**DATA PROVIDED:**
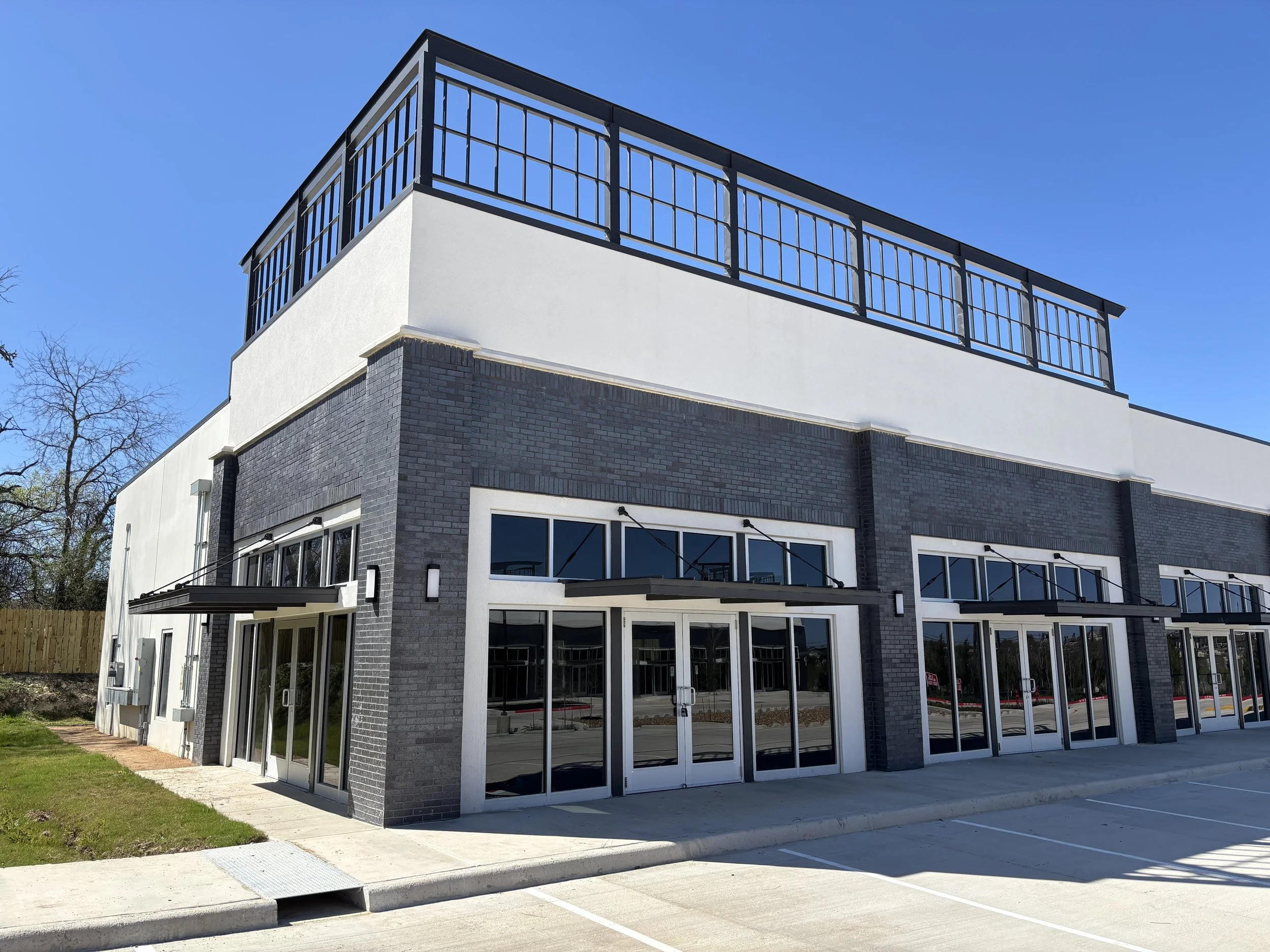 Exterior of Highview Veterinary Hospital in Boerne
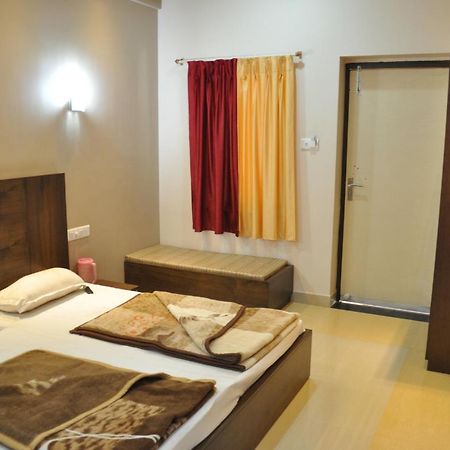 Hotel Ganesh Oasis Mount Abu Exterior foto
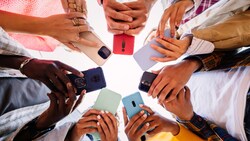 Kontrollverlust, Dosissteigerung und psychische und körperliche Entzugssymptome sind Anzeichen ...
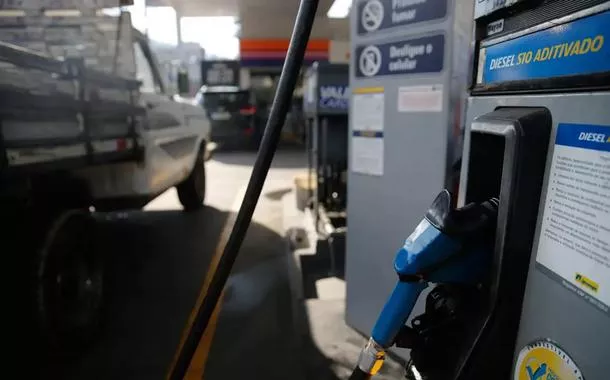 Escassez de diesel já atinge 166 cidades no Rio Grande do Sul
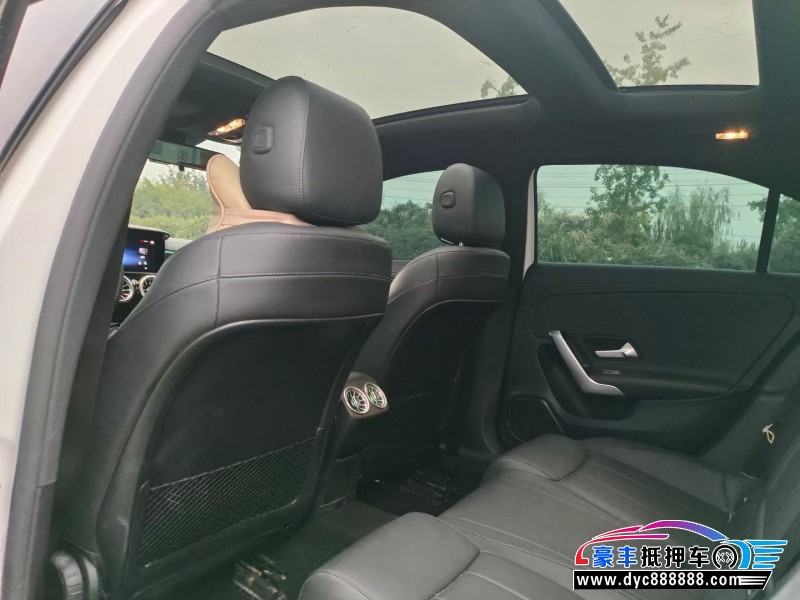 20年奔驰A轿车抵押车出售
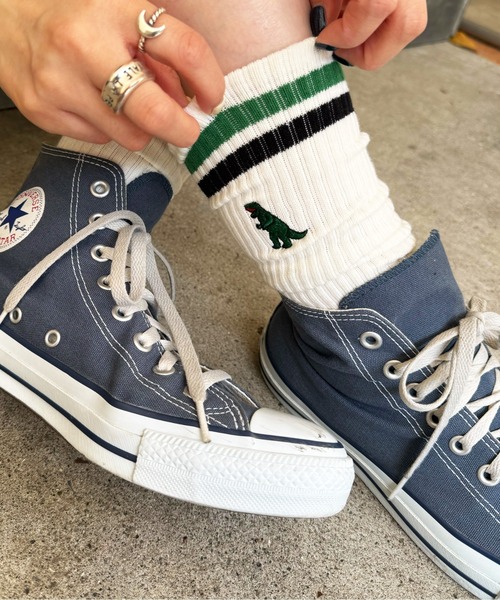 DOUBLE NAME(ダブルネーム)の「【m:rex】ミニ恐竜刺しゅうラインソックス(ソックス/靴下・レディース・グリーン・FREE)」の3枚目の写真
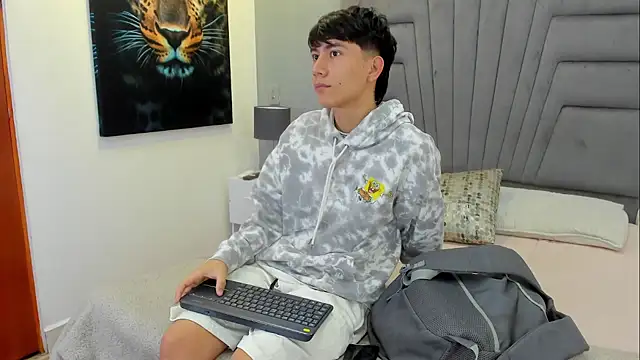 Snapshot of Raphael_Nyon chatting on 02.25.26 Raphael Nyon online show from 02.25.26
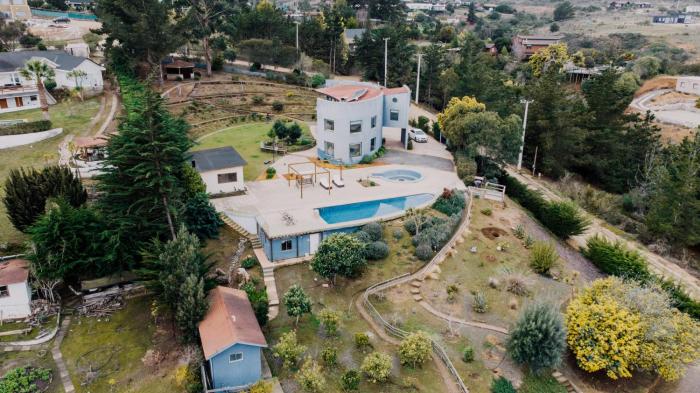 Moon Estate - Ocean View - 3 Houses - 2 Pools - 2 BBQ Homes - Sleeps 21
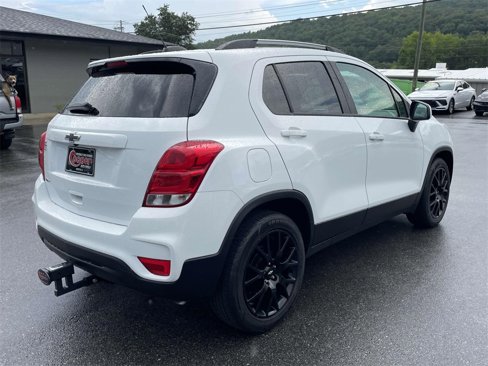 Used 2021 Chevrolet Trax LT w/ Sport Edition image 4
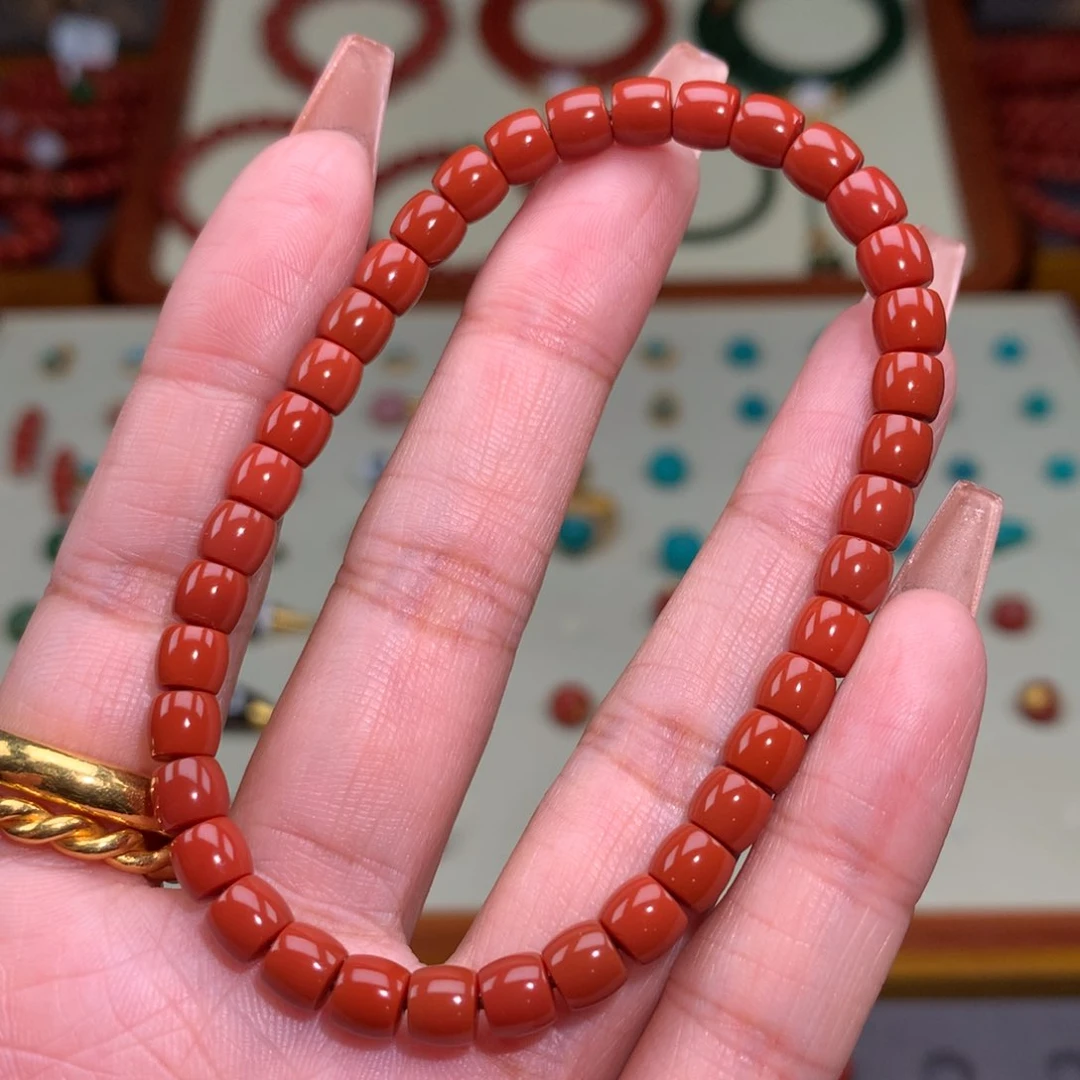 南红玛瑙颈饰未镶嵌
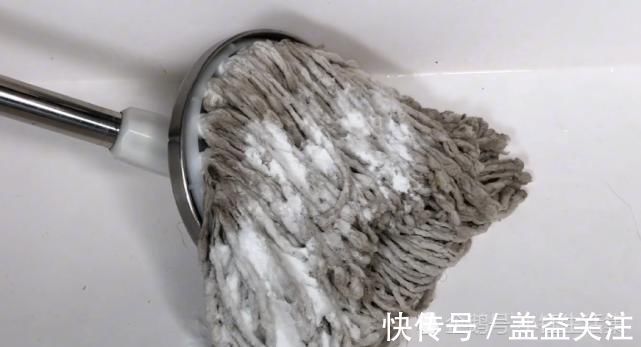 不管拖把有多脏，用“这水”泡10分钟，拖把干净无异味，快试试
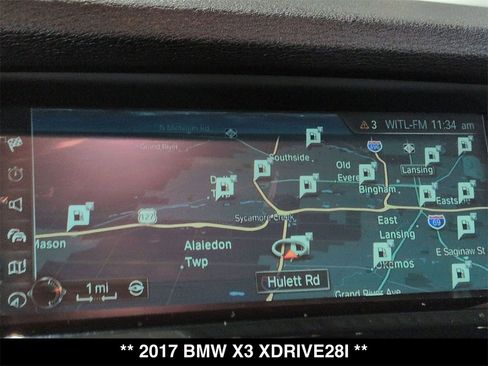 Used 2017 BMW X3 xDrive28i image 4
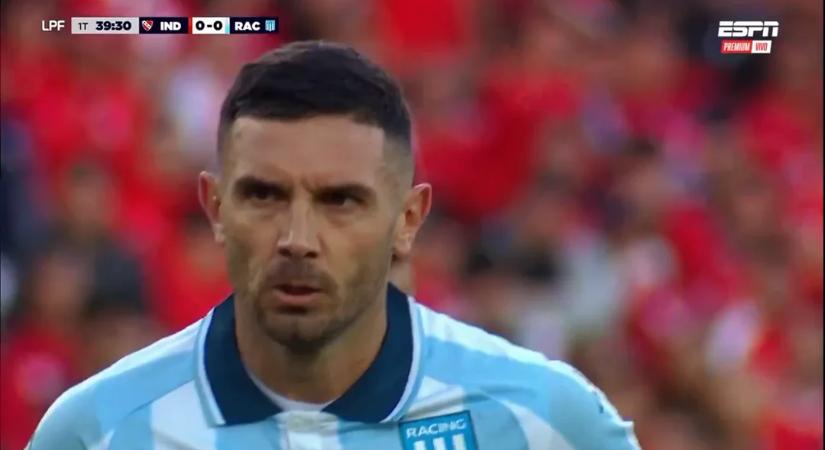 Ez aztán a szivatás: nagy arccal kihagyta a tizenegyest, majd az ellenfél játékosai odamentek gratulálni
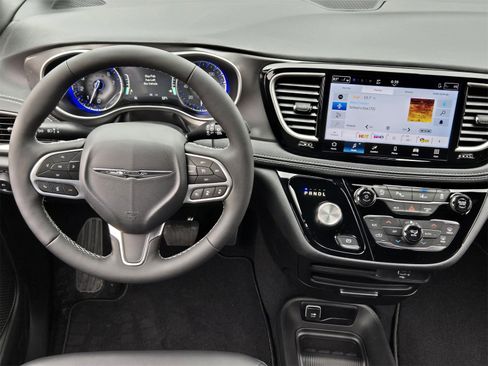 New 2026 Chrysler Pacifica Select image 25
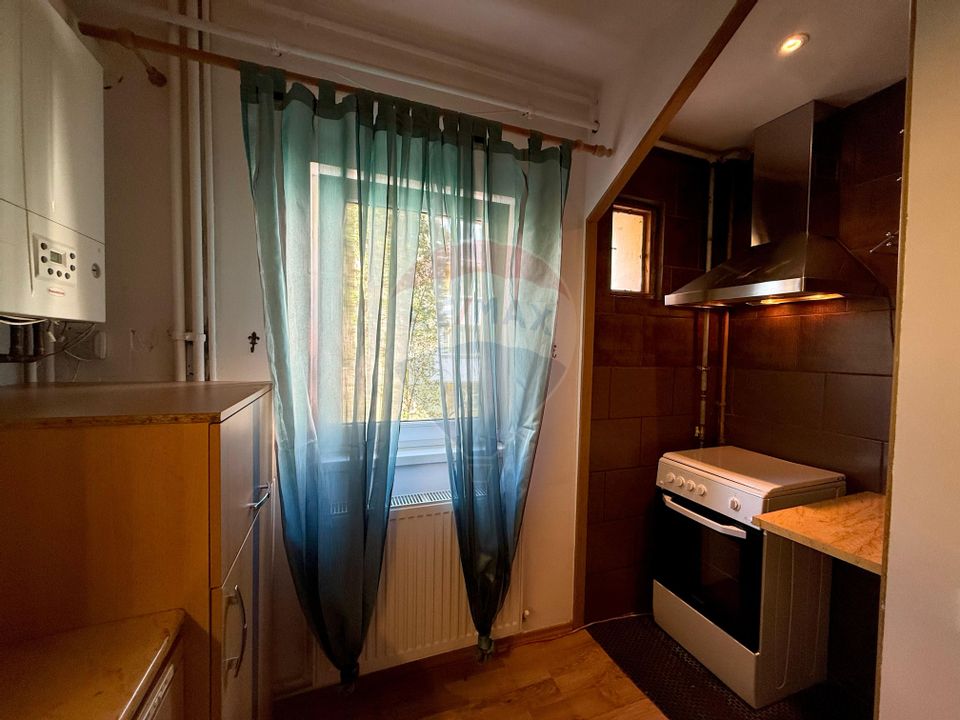 Apartament spațios de 2 dormitore + living open space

**DIRECTIONS FOR THIS TASK:**
Restate the whole listing above exactly, except for its images.

**ANSWER SPACE:**
 Exterior of Highview Veterinary Hospital in Boerne
 Hotel Ganesh Oasis Mount Abu Exterior foto
 Kontrollverlust, Dosissteigerung und psychische und körperliche Entzugssymptome sind Anzeichen ...
 Escassez de diesel já atinge 166 cidades no Rio Grande do Sul
 20年奔驰A轿车抵押车出售
 DOUBLE NAME(ダブルネーム)の「【m:rex】ミニ恐竜刺しゅうラインソックス(ソックス/靴下・レディース・グリーン・FREE)」の3枚目の写真
 Snapshot of Raphael_Nyon chatting on 02.25.26 Raphael Nyon online show from 02.25.26
 Moon Estate - Ocean View - 3 Houses - 2 Pools - 2 BBQ Homes - Sleeps 21
 Used 2021 Chevrolet Trax LT w/ Sport Edition image 4
 南红玛瑙颈饰未镶嵌
 不管拖把有多脏，用“这水”泡10分钟，拖把干净无异味，快试试
 Used 2017 BMW X3 xDrive28i image 4
 Ez aztán a szivatás: nagy arccal kihagyta a tizenegyest, majd az ellenfél játékosai odamentek gratulálni
 New 2026 Chrysler Pacifica Select image 25
 Apartament spațios de 2 dormitore + living open space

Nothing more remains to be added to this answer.